Like its predecessor, this is another rant about the (end of the) CakePHP framework. Not that I particularly enjoy writing about the misfortune of others, but after reading this official announcement I felt compelled to post.
It has been two years since my last post on this subject and yes, the cake is still rising, but at what price? Will it still taste sweet now that two of its main ingredients are not part of it anymore? As Daniel puts it, probably the best thing to do now is to drink tea and to wait until the dust settles…
As far as I’m concerned, what really matters is that Garrett Woodworth (former CakePHP Project Manager) and Nate Abele (former CakePHP Lead Developer) are gone. They realized they had enough Nuts over the years and they decided to switch to a more Lithium-rich diet. More helthy and depression-proof, too!
Stupid metaphors and painful jokes aside, this is probably the best piece of news the CakePHP community received in a long time: the birth of a fork of the CakePHP framework, more precisely of the so-called Cake3 branch.
Cake3? I didn’t keep up-to-date with the buzz, so I didn’t know anything about this until today, when I decided to finally start catching up.
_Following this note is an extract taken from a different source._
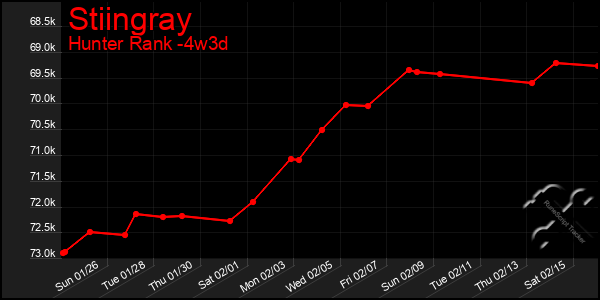 Last 31 Days Graph of Stiingray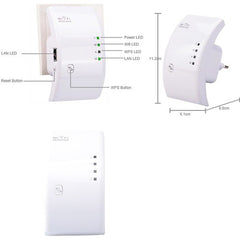 WiFi Pojačivač signala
“Cake 3.0, on the other hand, is pretty different from the existing core code in a few notable ways. Mainly, it’s been re-written from the ground up for PHP 5.3.”
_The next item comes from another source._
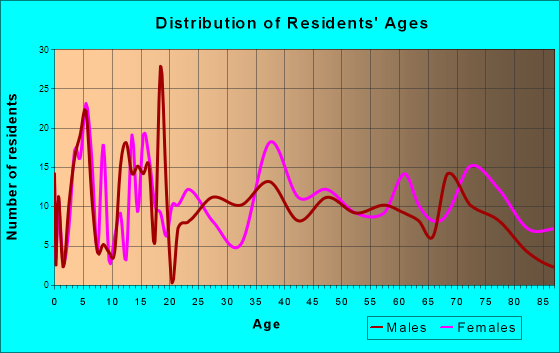 Albany, Missouri Age and Sex of Residents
from Cake 3 interview with Nate Abele, debuggable.com
Of course, in these three years of my full immersion in the Ruby language, I almost completely forgot about PHP too. PHP 5.3 means namespace and closures, i.e. the Rubyist’s daily bread. A more modular CakePHP, properly object-oriented, with an ActiveRecord-like API for models (finally!) is definitely worth a look, especially if it’s Nut-free as well.
The new framework will be called Lithium (sounds more professional already), and it’s due to launch next monday, here: http://li3.rad-dev.org/ (at the time of writing, this link is password-protected).
Personally, I am very excited about this new project. It should have happened three years ago, really, but there’s no point in being greedy: the time has finally come. I would like to (pre-)thank Garrett and Nate for their (upcoming) amazing work, I’ll definitely keep a closer eye on it.